- Entries supplied -
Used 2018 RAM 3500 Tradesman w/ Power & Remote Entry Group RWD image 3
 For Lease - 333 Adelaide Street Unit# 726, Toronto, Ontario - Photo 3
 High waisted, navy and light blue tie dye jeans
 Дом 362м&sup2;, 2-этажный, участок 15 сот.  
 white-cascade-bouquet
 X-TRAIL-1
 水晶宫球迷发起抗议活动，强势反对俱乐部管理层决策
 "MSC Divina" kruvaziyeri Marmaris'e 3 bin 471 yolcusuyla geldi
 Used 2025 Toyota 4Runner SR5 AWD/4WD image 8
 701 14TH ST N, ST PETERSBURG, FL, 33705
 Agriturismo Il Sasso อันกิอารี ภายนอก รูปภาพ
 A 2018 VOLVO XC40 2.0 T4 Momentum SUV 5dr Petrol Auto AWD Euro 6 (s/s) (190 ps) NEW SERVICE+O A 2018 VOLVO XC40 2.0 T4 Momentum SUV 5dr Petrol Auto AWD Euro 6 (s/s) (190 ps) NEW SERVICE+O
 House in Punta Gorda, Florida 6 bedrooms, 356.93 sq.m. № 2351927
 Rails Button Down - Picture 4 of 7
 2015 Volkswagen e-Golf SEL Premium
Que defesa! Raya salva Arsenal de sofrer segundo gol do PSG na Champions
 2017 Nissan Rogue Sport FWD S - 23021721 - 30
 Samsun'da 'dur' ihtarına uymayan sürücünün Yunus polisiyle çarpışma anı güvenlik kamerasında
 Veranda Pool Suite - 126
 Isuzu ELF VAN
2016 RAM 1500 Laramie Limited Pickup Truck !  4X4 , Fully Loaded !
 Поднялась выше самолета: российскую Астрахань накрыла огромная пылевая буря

- Aim of the task -
Could you give the number of lines in the data above that contain the string "image", with no other words?

- Solution to the exercise -
2